Coro: En otra era habitaban el valle animales de blancos brazos y alas blancas. Pájaro y hombre eran uno. El error entrañaba la vergüenza de las caídas. El mal se arrastraba por la tierra. Lo alado recogía y hacía suya la imagen de lo verdadero en un valle de ficción. La bondad carecía de peso. Ni por inocencia. Ni por hermosura. De entre todo lo vivo sólo lo alado se apoya sobre la nada. Por el peso de la verdad los ángeles dejaron de volar. El pensamiento separó al hombre y al pájaro. Desde entonces aquel envidia nuestras alas creyéndolas refugio de libertades. Con los hombres ya solo compartimos corazones que baten sangre caliente.

Al leñador la coloración rosa del alba iluminaba la espalda. Detrás queda la casa y detrás de la casa el camino regresa a la villa. Antes de partir hacia el bosque el leñador aviva el fuego. Aguarda a que la leche hierva y luego le aparta la nata. Sirve dos cuencos y toma uno. Asegura la puerta desde fuera. El hacha enfría la mano del leñador. La hierba que tumban sus botas conserva la rigidez de la noche. El niño sueña como si un arrullo lo defendiera de la soledad. La villa despertó al punto. En el campanario se disponían a entablar nuevos sillares de piedra. Los primeros golpes de obra levantaron la pareja de palomas. Volaban en círculo hasta comprender que los canteros llegaron para quedarse. Las palomas siguieron el curso del río. Salpicado de estiércol reciente el prado las atrajo. Golpes de mazo remontaban las vertientes. Golpes de hacha descendían hacia la vega. En las encrucijadas del valle se anillan las ondas que fabrican los golpes.

Que cortejan a las voces.

Que mantienen vivas las veletas.

Que amedrentan a las torres.

Todos los vientos habitan en la tormenta.
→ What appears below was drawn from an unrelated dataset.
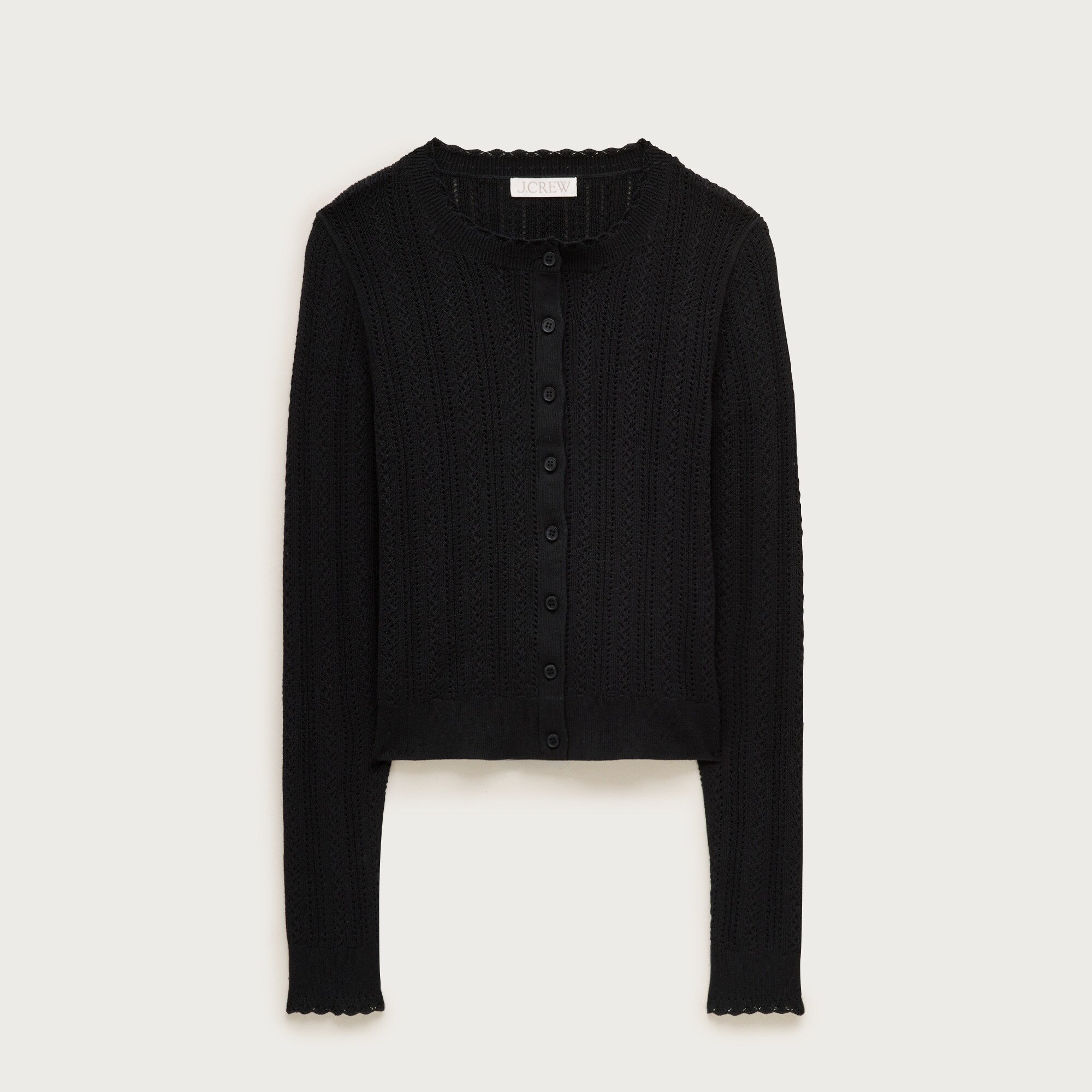 Jackie pointelle cardigan in premium ultra-fine cotton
El niño dormía ajeno a la caída del árbol. Tampoco cuenta la altura que gana el campanario. Las mañanas sorprenden al niño sin propósito. Tan despoblada retención me atrapa. Nuestra compañía crece como la pareja de cipreses nacida de la misma semilla. Por compartirlo entre ambos el sosiego que disfrutamos retrasa el tiempo. Para sentirnos cómplices nos basta abrir la ventana y reclamar la llegada del valle. El viento anulaba entonces la orfandad. Se acompañaba del impulso de las chicharras que desesperan por una hembra. Quería hacernos sentir el aroma desprendido de los racimos azules de la verónica. Reveló que la espiral del helecho se desenvolvía al ritmo de nuestra respiración. Sólo el viento traspasaba el alambre. La jaula simuló que lejos del soto el miedo al gavilán disminuía hasta desaparecer. La tarde en que muero azota la casa un viento cargado de olas diminutas. Se arremolinan en el interior como granos en el harnero. El niño que llora bajo la lluvia se hizo hermano de mi especie. Aprieta la jaula contra el pecho. El agua quiere separarnos. Todos los vientos que habitan en la tormenta nos apuntan. Y de adulto el niño recuerda las decisiones del leñador. Y comprende por qué derribó la cerca de lajas. Y le satisface recordar que liberara los perros. Porque me cubría del gavilán supuse que la jaula amparaba mi vida.